Watching 300: Rise of an Empire (2014), a belated sequel to Zack Snyder’s blockbusting swords and sandals breakthrough 300 (2006), you can just envision the simple studio proviso submitted to director Noam Murro this time around (“Do what the last guy did but crank up the slow motion action quota tenfold”). The ‘if ain’t broke, don’t fix it’ approach works pretty well where the swordplay and carnage is concerned, and fans of the original will probably enjoy what’s on offer here. Unfortunately, the flaws which hobbled the first film are also inherent in this second helping – namely in its inability to offer an engaging yarn of antiquity between the impressively-staged, largely nautical battle scenes.
One interesting narrative conceit this time around is rather than pitching up after the events of the first film, the struggles of King Leonidas (Gerard Butler) and his 300 warriors run concurrently with the action here, as the emphasise switches from the Spartans to the Athenians (the device is crying out for a mammoth fan edit, encompassing both films). Returning from the previous instalment, Leonidas’ wife (Game of Thrones star Lena Headey) narrates the story, which also includes the origins of Xerxes (Brazilian Rodrigo Santoro) and his transformation from a mere mortal into a gold-plated, opulent disco deity.
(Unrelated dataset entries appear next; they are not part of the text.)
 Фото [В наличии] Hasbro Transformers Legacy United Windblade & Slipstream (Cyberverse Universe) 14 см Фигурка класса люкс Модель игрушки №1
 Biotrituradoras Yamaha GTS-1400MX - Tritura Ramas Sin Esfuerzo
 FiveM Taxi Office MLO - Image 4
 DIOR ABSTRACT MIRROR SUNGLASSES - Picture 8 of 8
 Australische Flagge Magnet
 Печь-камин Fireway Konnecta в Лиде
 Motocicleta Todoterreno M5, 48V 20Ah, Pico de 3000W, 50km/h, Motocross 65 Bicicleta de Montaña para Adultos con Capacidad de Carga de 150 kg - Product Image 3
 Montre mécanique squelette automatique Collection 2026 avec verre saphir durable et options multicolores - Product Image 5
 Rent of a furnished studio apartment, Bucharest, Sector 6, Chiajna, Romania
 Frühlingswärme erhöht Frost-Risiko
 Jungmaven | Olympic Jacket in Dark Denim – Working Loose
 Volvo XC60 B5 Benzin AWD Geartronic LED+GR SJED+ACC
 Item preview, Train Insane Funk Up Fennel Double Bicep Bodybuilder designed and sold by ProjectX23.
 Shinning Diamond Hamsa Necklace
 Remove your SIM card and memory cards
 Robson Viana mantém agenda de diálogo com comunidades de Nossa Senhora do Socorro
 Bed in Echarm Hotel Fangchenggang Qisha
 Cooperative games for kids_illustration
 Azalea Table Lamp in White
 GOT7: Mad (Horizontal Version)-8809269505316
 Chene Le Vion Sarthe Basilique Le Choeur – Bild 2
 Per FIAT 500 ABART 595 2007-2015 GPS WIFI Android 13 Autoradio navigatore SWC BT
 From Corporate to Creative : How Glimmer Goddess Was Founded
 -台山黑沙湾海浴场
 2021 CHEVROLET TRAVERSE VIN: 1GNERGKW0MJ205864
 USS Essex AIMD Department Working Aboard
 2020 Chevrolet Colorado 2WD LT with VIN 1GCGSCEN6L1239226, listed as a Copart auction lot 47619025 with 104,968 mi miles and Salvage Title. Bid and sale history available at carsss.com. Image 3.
Here we see General Themistocles of Athens (Aussie export Sullivan Stapleton) waging war on his Persian adversary whose father, King Darius I, was turned into a human souvlaki by the Greek a decade earlier.
Also involved in the fighting is the king’s right-hand woman, the sly and calculating killing machine Artemisia (Eva Green). Armed with the kind of impressive effects only a huge sum of money could buy, but lacking much in the way of narrative drive, Rise of an Empire grows increasingly monotonous between the scenes of combat and has to rely on the vampy Green as its saving grace. She brings nuance and shading to her character’s icy resolve, compared to the largely one-note, disposable turns from her male co-stars. The film grows sluggish and struggles whenever Green is off screen and Stapleton, expected to fill the Butler mould, can do little to stave off the inertia. Aside from Green, the other notable presence here is Brit Jack O’Connell, who acquits himself solidly if unremarkably in his first big studio film. Rise of an Empire is by no means an awful film (the bizarre mid-point sex scene may crop up in a few ‘worst of’ lists in the future), but it doesn’t do enough to forge its own personality and is unable to cast off the shackles of what came before.